The facility, which took less than six months to construct, converts the gases that build up during the aging process of a landfill into renewable natural gas. Some of this gas will be turned into compressed natural gas (CNG) which will be used to fuel CNG vehicles.
“For years we’ve been burning most of this gas in generators and we’ve been sending the resulting electricity over to Georgia Power,” Ellis said.
Initially, the county’s sanitation department will convert 70 vehicles to run on renewable natural gas (RNG) produced by the renewable energy facility. The county’s goal is to replace or convert the entire fleet of 306 sanitation vehicles to run on natural gas.
“There will be reduced emissions here at Seminole and everywhere these vehicles are on the road,” Ellis said.
The yearly environmental impact to air quality will be the same as taking 30,000 passenger cars off the road, said Burke Brennan, the county’s chief communications officer.
The project is funded in part by a $7.8 million U.S. Department of Energy grant made to Clean Cities Atlanta through the American Recovery and Reinvestment Act federal stimulus program.
“There are already facilities in our country that convert landfill gas to fuel and pump it into vehicles on site. There are also facilities that provide landfill gas and pump it into natural gas pipelines for consumer use.
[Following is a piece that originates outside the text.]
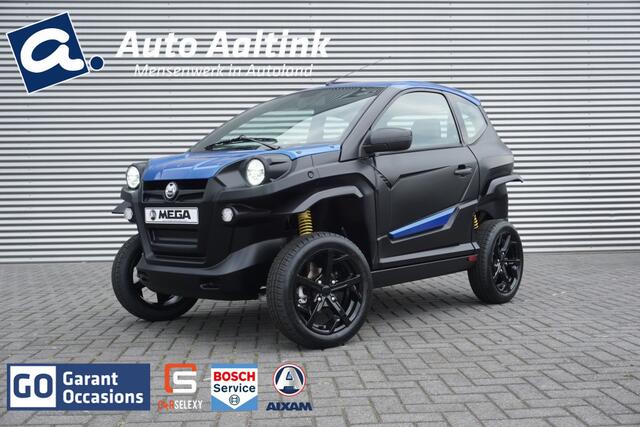 Aixam SCOUTY E-SCOUTY 45KM/H | 100% ELEKTR. | AUTOMAAT | 15'LMV | CAMERA | STOER!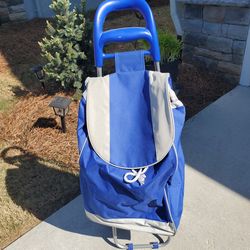 Like new foldable shopping cart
In DeKalb County, we’re the first…to do both,” according to Ellis.
Ellis said that once the facility is fully operational in six to eight weeks, DeKalb County would have the capacity to process more landfill gas than any other county in Georgia and the facility will help the county to reduce the rising cost of fueling county vehicles.
The county estimates that $3 million will be saved over the next eight years and the county will make money from the CNG it sells to the general public, Ellis said.
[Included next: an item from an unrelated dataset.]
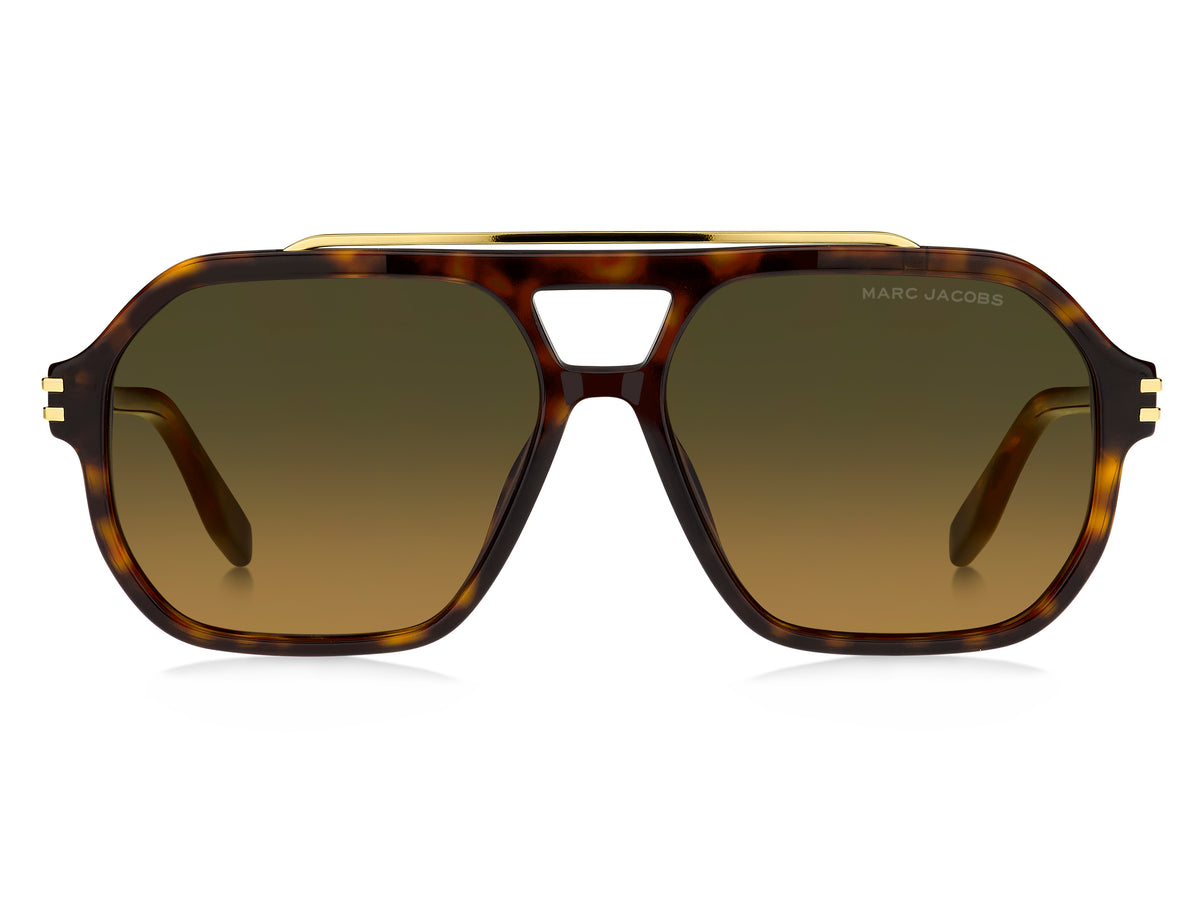 Marc Jacobs MARC 753/S-58-086 HVN SE GREENSF BROWN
Ted Photakis, a senior account executive with Energy Systems Group, the company that designed and will operate the facility, said that since the landfill is permitted through 2091, “there could be a 100-year supply of methane fuel.”
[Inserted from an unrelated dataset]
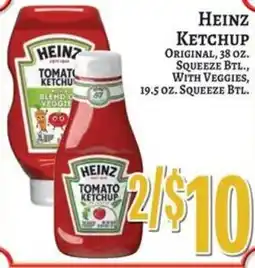 Trade Fair Supermarket Heinz tomato ketchup offer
“As long as this plant is running—it’ll be running 24/7—it’ll either be saving the county money on fuel costs or it’ll be bringing in additional revenue,” Photakis said.
“Renewable energy creates jobs and a green, sustainable infrastructure,” Ellis said. “Renewable energy reduces our dependence on foreign oil. Renewable energy is, in fact, the energy of the future. There may be a time when we might run out of oil, but we are not going to be running out of renewable energy.”
Renewable energy “is safer for our environment, it is more economical and, therefore, putting money back into the pockets of ordinary, middle-class Americans and it is decreasing our dependence on foreign oil,” said Gwen Keyes Fleming, regional administrator for the U.S. Environmental Protection Agency’s southeast region.
Don Francis, executive director of Clean Cities Atlanta, said, “Projects like this and attitudes like this in DeKalb County have turned the corner, and we are on our way to energy security in the United States.”